If I had to advocate for a single change to practice, [internal replication] would be it. In my lab we never do just one study on a topic, unless there are major constraints of cost or scale that prohibit that second study. Because one study is never decisive.* Build your argument cumulatively, using the same paradigm, and include replications of the key effect along with negative controls. This cumulative construction provides “pre-registration” of analyses – you need to keep your analytic approach and exclusion criteria constant across studies. It also gives you a good intuitive estimate of the variability of your effect across samples. The only problem is that it’s harder and slower than running one-off studies. Tough. The resulting quality is orders of magnitude higher.

Unfortunately, the person who mentioned the idea to me only did so to poke holes in it.

If you do not know how to read these plots, don’t worry. Just focus on this key comparison. 17 internally replicated effects could also be replicated by an independent team (1 effect was below p = .055 and is not counted here). The number is exactly the same for effects which were not internally replicated. So, the picture couldn’t be any clearer: internal replications are not the solution to Psychology’s replication problem according to this data set.

(That dataset being the psychology study I discussed last time).

I believe that internal replications do not prevent many questionable research practices which lead to low replication rates, e.g., sampling until significant and selective effect reporting. To give you just one infamous example which was not part of this data set: in 2011 Daryl Bem showed his precognition effect 8 times. Even with 7 internal replications I still find it unlikely that people can truly feel future events. Instead I suspect that questionable research practices and pure chance are responsible for the results. Needless to say, independent research teams were unsuccessful in replication attempts of Bem’s psi effect (Ritchie et al., 2012; Galak et al., 2012). There are also formal statistical reasons which make papers with many internal replications even less believable than papers without internal replications (Schimmack, 2012).

Huh, Darryl Bem? Small world. But let’s focus on Schimmack’s study, as I think it deserves a wider airing (even if it does mistake p-values for type I errors on page 5. Not the same). Schimmack’s work mentions a number of problems with multi-study approaches: segmenting the sample set into multiple studies dilutes the statistical power and makes spurious results more likely; getting multiple positives nearly forces researchers to engage in questionable practices; non-positive results can be dropped under the excuse of “pilot studies,” “poor procedure,” or even “bad luck,” and still result in a publishable work. He goes further to provide a solid argument to be suspicious of most multi-study papers.
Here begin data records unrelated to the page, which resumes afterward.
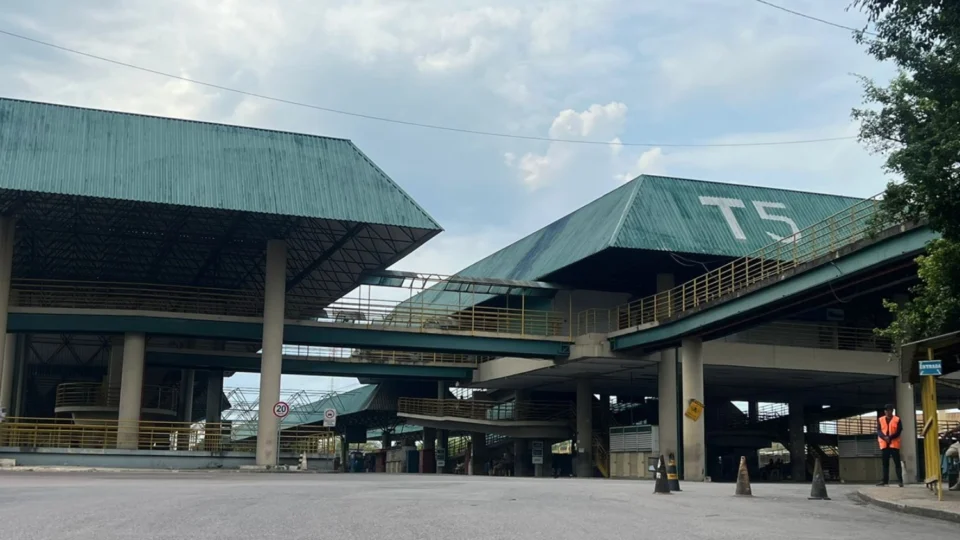 Passageiros do Terminal 5 relatam falta de iluminação, medo e assaltos diários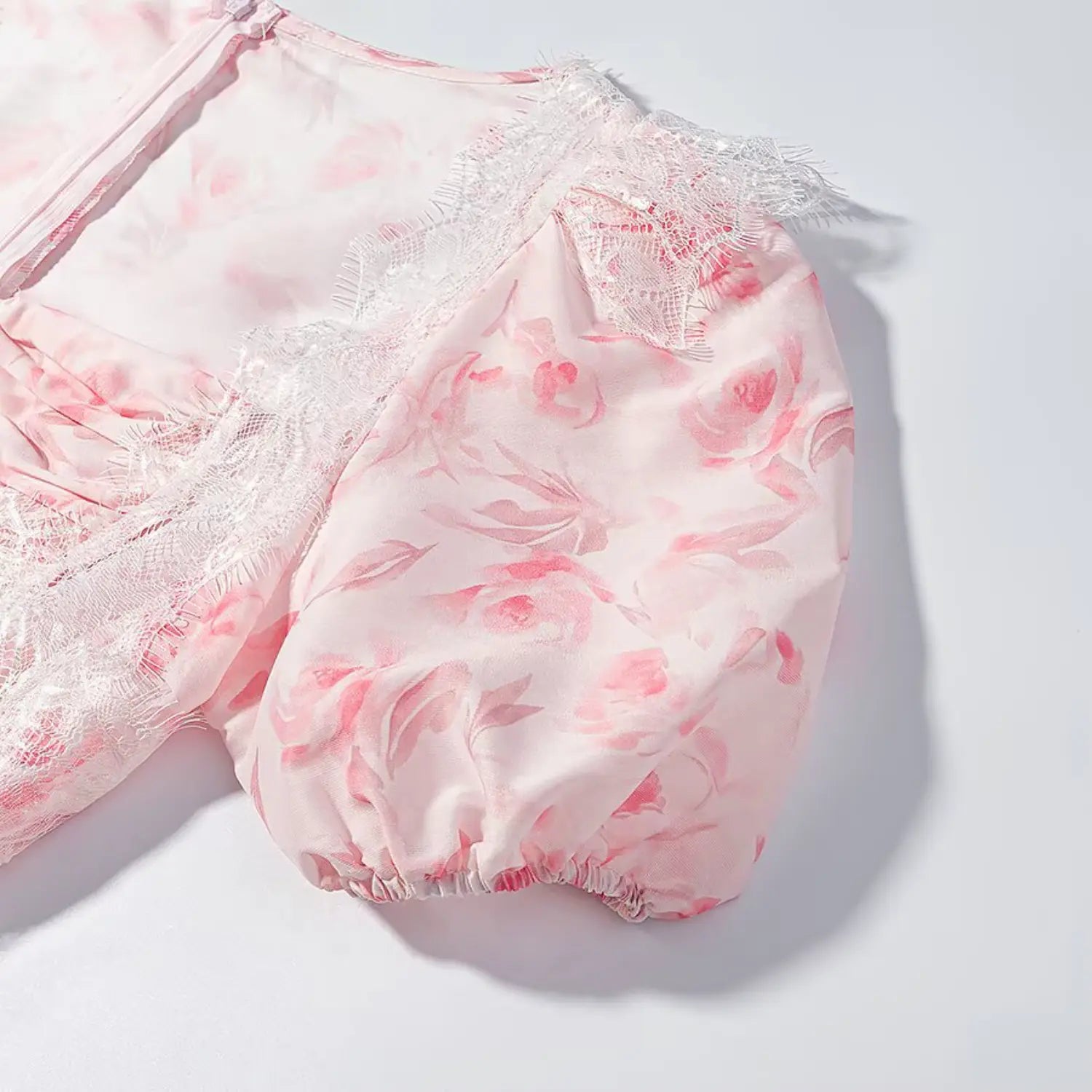 Close-up puff short sleeve with lace shoulder decoration pink floral print top
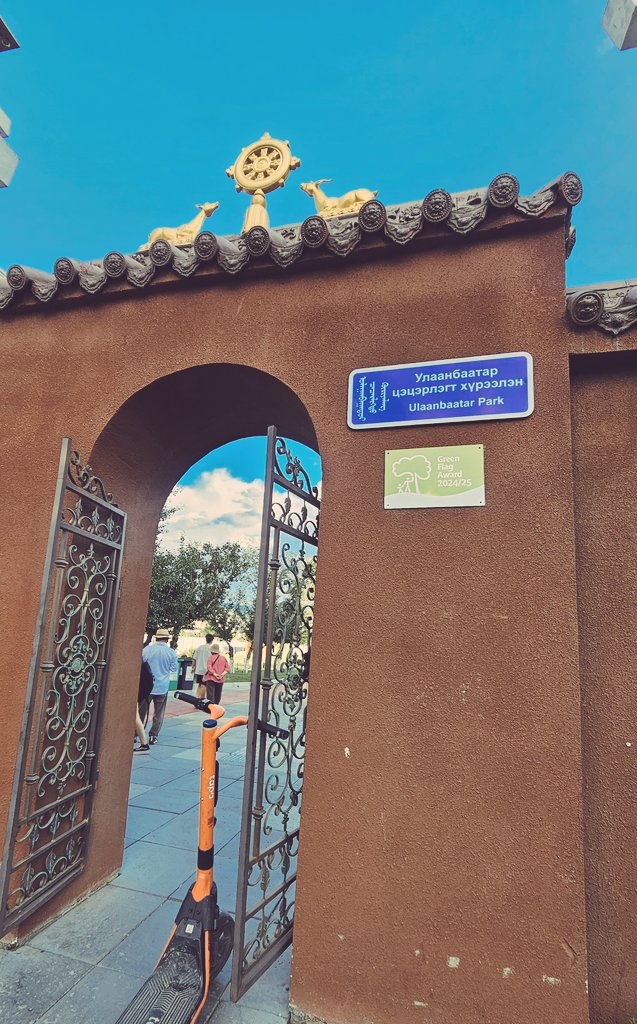 Рио биш албан ёсоор "Улаанбаатар" парк нэртэй шүү. Хэдхэн нөлөөтэй аккаунт давталттай дуудахад энэ нэрээрээ хэрэглээнд орчино. Энэ зунаас соёл амралтын гол хүрээлэнгээ нийслэл хотынхоо нэрээр дуудаж хэвшээрэй. Колони улс биш дээ ямар.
it is helpful to consider a concrete example. Imagine a multiple study article with 10 studies with an average observed effect size of d = .5 and 84 participants in each study (42 in two conditions, total N = 840) and all studies produced a significant result. At first sight these 10 studies seem to provide strong support against the null-hypothesis. However, a post-hoc power analysis with the average effect size of d = .5 as estimate of the true effect size reveals that each study had only 60% power to obtain a significant result. That is, even if the true effect size were d = .5, only 6 out of 10 studies should have produced a significant result. […]

From the perspective of binomial probability theory, the scenario is analogous to an urn problem with replacement with six green balls (significant) and four red balls (non-significant). The binomial probability to draw at least 1 red ball in 10 independent draws is 99.4%. … That is, 994 out of 1000 multiple study articles with 10 studies and 60% average power should have produced at least one non-significant result in one of the 10 studies. It is therefore incredible if an article reports 10 significant results because only 6 out of 1000 attempts would have produced this outcome simply due to chance alone.

I’ll give Schimmack the final word, here.

It is important that psychologists use the current crisis as an opportunity to fix problems in the way research is being conducted and reported. The proliferation of eye-catching claims based on biased or fake data can have severe negative consequences for a science. A recent New Yorker article (Lehrer, 2010) warned the public that “all sorts of well-established, multiply confirmed findings have started to look increasingly uncertain. It’s as if our facts were losing their truth: claims that have been enshrined in textbooks are suddenly unprovable.” If students who read psychology textbooks and the general public lose trust in the credibility of psychological science, psychology loses its relevance because objective empirical data are the only feature that distinguishes psychological science from other approaches to the understanding of human nature and behavior. It is therefore hard to exaggerate the seriousness of doubts about the credibility of research findings published in psychological journals.

[1] Schimmack, Ulrich. “The ironic effect of significant results on the credibility of multiple-study articles.Psychological Methods 17.4 (2012): 551.